━━ Information provided

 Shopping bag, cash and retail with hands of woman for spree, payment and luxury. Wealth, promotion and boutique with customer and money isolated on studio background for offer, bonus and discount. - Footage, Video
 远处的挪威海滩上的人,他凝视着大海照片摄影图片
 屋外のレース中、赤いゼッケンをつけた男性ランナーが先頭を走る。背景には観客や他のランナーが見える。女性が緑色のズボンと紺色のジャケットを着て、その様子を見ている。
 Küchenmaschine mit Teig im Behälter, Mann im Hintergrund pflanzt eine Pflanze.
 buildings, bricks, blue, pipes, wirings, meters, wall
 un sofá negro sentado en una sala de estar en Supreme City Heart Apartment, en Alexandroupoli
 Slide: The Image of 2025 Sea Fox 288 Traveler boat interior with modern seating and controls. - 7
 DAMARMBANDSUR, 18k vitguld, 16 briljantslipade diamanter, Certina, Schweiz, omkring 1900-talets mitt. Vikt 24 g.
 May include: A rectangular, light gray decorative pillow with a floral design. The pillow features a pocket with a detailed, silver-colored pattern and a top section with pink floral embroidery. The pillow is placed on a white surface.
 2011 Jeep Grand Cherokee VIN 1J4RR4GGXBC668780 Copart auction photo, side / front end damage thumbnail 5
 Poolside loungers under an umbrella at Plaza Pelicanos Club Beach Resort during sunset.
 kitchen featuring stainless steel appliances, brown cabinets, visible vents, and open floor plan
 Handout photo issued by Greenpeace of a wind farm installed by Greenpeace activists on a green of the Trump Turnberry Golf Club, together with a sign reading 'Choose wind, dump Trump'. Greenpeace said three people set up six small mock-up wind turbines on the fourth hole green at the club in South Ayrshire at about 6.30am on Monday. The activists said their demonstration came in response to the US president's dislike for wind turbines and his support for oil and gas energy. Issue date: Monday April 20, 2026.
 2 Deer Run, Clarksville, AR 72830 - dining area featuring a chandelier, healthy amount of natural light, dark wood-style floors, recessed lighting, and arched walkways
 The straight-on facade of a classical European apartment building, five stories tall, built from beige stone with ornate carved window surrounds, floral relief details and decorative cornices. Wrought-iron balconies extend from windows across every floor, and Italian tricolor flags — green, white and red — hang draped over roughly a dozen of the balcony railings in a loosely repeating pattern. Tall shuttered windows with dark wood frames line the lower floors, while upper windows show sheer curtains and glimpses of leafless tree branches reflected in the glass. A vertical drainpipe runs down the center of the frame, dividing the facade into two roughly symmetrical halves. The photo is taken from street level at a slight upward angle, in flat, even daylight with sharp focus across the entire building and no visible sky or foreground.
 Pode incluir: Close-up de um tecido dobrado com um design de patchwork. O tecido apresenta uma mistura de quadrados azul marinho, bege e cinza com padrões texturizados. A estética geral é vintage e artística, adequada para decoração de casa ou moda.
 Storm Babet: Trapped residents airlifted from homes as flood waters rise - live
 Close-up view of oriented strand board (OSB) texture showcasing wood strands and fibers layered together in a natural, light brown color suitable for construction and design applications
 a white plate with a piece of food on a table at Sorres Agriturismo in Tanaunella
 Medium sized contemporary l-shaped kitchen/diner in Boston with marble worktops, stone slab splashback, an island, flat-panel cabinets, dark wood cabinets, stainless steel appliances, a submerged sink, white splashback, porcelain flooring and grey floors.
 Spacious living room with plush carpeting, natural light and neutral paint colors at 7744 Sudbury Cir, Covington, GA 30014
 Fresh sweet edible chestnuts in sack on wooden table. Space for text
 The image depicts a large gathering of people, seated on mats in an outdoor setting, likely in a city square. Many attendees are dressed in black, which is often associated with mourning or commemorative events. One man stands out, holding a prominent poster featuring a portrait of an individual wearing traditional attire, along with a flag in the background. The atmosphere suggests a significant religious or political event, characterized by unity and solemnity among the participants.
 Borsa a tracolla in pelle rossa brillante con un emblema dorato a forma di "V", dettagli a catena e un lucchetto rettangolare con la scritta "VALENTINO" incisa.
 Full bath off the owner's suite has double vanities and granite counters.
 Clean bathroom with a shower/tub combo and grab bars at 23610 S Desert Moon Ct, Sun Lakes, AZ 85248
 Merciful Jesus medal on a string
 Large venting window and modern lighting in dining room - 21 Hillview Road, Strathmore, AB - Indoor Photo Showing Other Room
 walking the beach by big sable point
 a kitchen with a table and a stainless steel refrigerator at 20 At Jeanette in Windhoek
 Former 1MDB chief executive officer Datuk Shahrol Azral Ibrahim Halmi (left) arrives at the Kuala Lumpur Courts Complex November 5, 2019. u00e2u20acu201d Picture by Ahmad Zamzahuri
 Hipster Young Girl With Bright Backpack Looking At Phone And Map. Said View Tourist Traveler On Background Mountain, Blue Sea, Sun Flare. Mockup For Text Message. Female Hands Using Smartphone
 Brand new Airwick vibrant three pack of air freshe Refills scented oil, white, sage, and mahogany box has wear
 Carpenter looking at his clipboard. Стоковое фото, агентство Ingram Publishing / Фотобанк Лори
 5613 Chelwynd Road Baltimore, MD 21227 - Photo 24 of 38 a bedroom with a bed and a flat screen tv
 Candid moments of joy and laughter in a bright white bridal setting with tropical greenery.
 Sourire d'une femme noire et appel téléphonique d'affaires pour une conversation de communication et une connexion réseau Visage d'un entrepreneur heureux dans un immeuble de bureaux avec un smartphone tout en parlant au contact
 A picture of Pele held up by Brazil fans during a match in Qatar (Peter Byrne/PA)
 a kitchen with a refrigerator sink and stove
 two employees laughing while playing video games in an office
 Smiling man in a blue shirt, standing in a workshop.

━━━━

# [Required action]
Working down from the line that contains "Candid moments of", retype each line exactly through the last line of the data, and give nothing else.

# [Solution to the exercise]
 Candid moments of joy and laughter in a bright white bridal setting with tropical greenery.
 Sourire d'une femme noire et appel téléphonique d'affaires pour une conversation de communication et une connexion réseau Visage d'un entrepreneur heureux dans un immeuble de bureaux avec un smartphone tout en parlant au contact
 A picture of Pele held up by Brazil fans during a match in Qatar (Peter Byrne/PA)
 a kitchen with a refrigerator sink and stove
 two employees laughing while playing video games in an office
 Smiling man in a blue shirt, standing in a workshop.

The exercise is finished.